- [What the task requires]: Could you please retype exactly the lines from the start of the records below through the line that contains "Floor-standing Flower Basket", both included, and leave out the pictures?

[Web page caption snippets]
'''

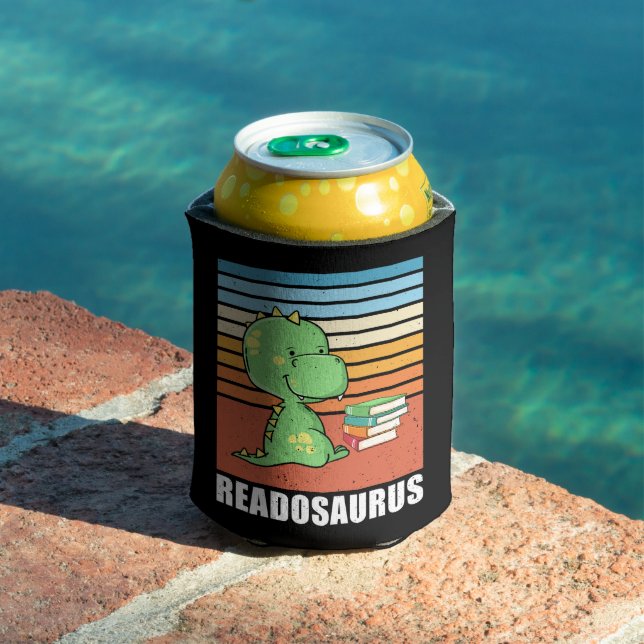 Funny Book Readosaurus Dinosaur Reading Dino Retro Can Cooler (In Situ Pool)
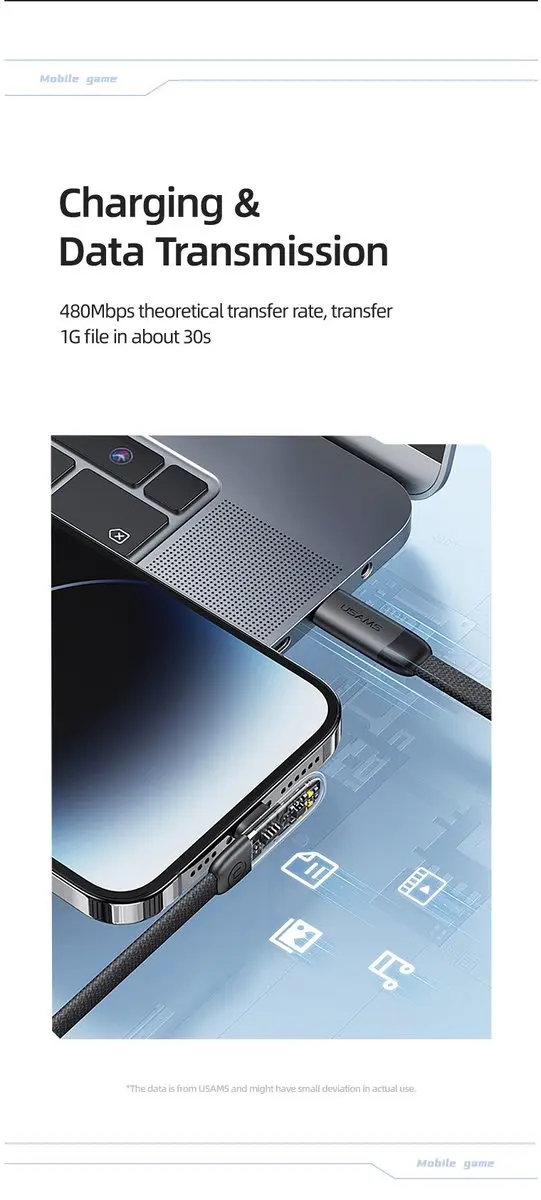 USAMS Iceflake SJ583US Kabel USB-C naar Lightning 20W - Zwart - afbeelding 3 van 6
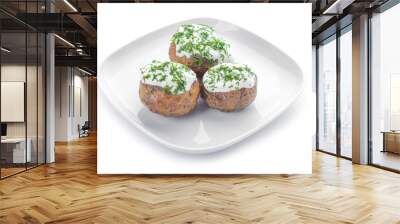 Tasty baked potato with sour cream on white background Wall mural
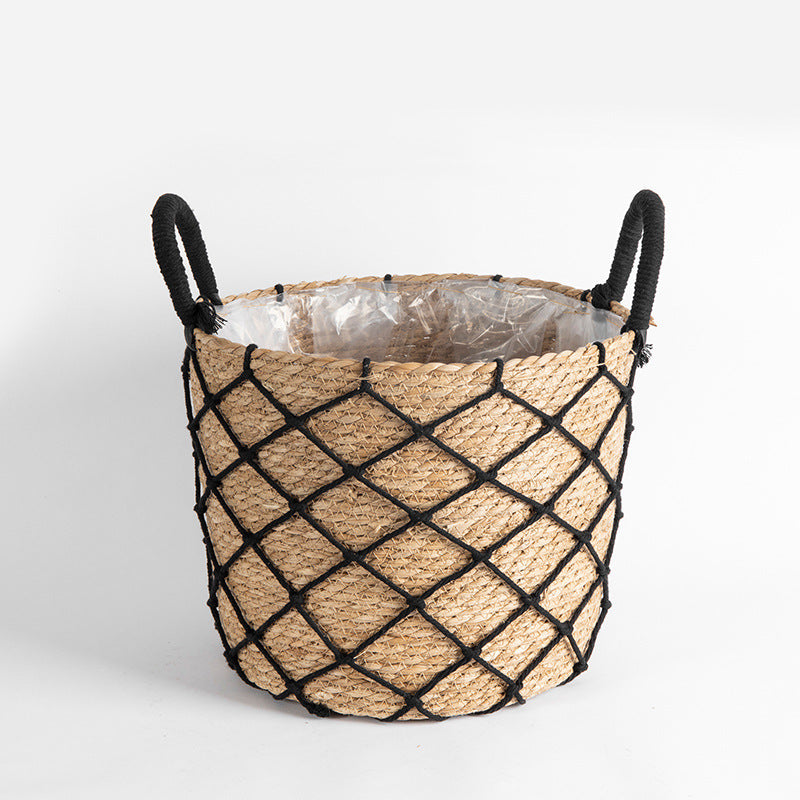 Floor-standing Flower Basket with Woven Straw Design - Garden & Home Decor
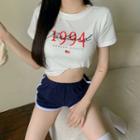 Slim-fit Embroidered Crop T-shirt White - One Size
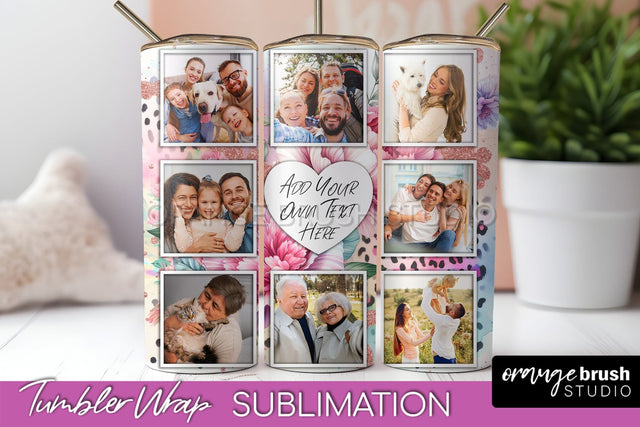 Flowers Photo Frame Tumbler PNG - Add Picture Tumbler Wrap Sublimation OrangeBrushStudio 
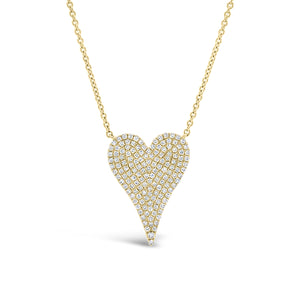 Diamond Medium Elongated Heart Pendant Necklace  -14K yellow gold weighing 3.50 grams  -116 round diamonds totaling 0.44 carats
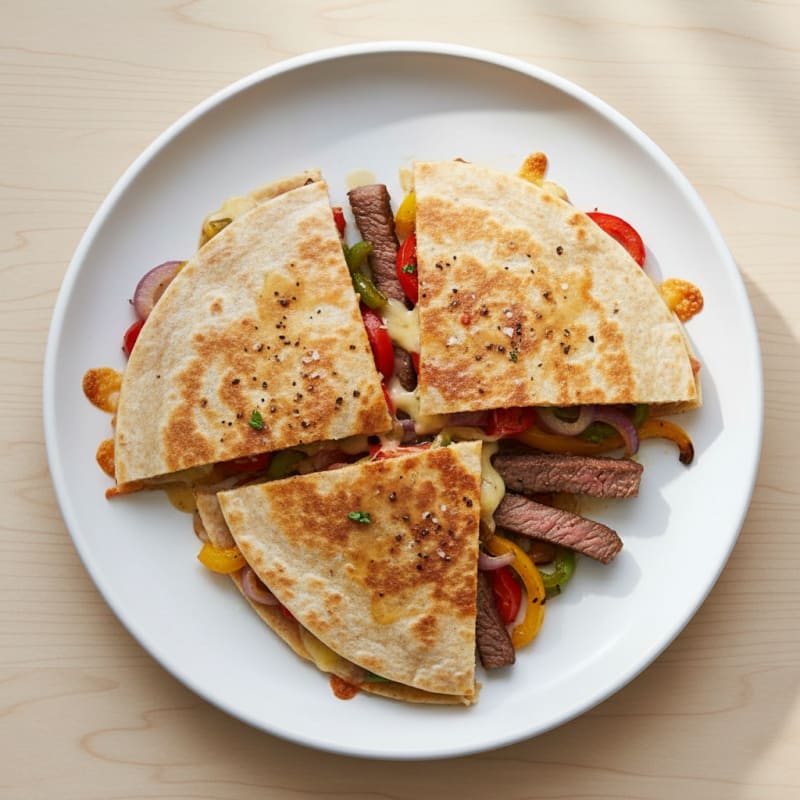 Pan-Seared Steak and Pepper Quesadillas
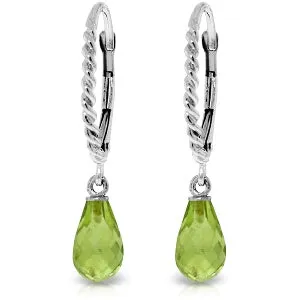 3 Carat 14K Solid White Gold Leverback Earrings Briolette Peridot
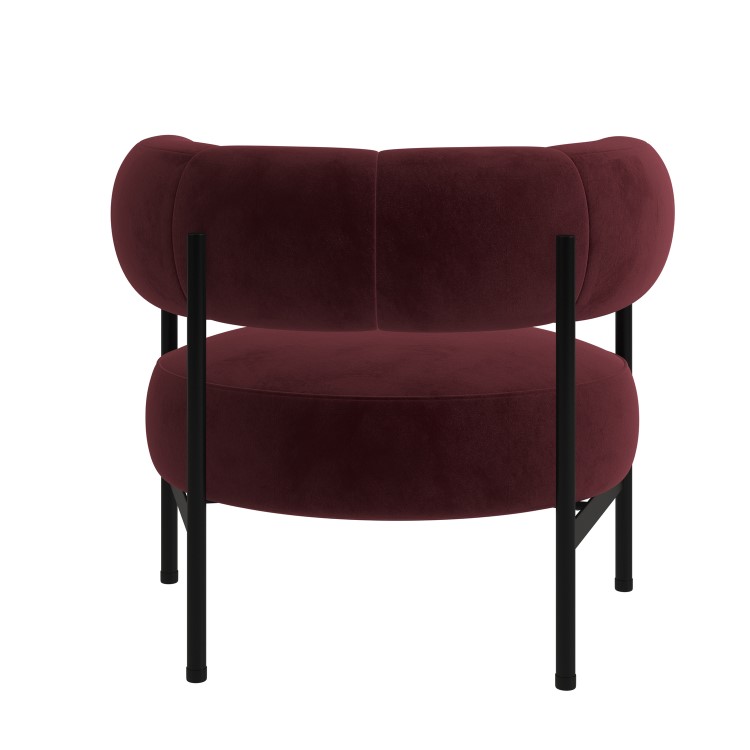 Burgundy Velvet Curved Accent Chair - Romy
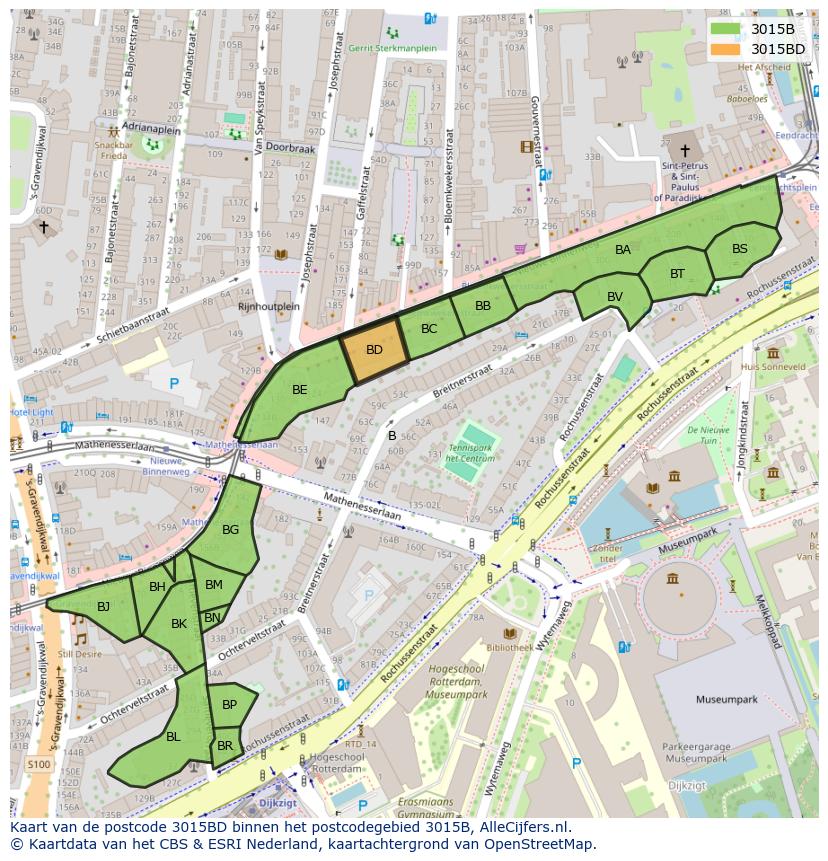 Afbeelding van het postcodegebied 3015 BD op de kaart.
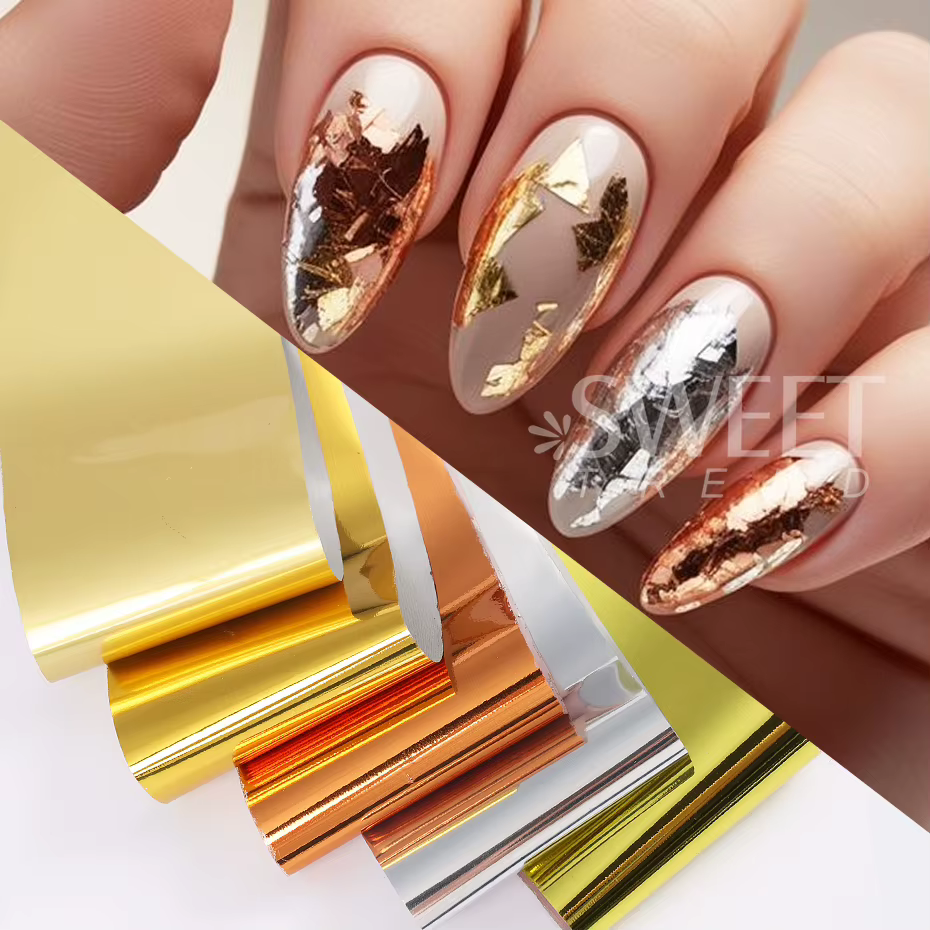 Feuilles de transfert d'ongles métalliques, 10 pièces, miroir or argent violet étoilé papier Gel ver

'''

- [Solution]:
 Funny Book Readosaurus Dinosaur Reading Dino Retro Can Cooler (In Situ Pool)
 USAMS Iceflake SJ583US Kabel USB-C naar Lightning 20W - Zwart - afbeelding 3 van 6
 Tasty baked potato with sour cream on white background Wall mural
 Floor-standing Flower Basket with Woven Straw Design - Garden & Home Decor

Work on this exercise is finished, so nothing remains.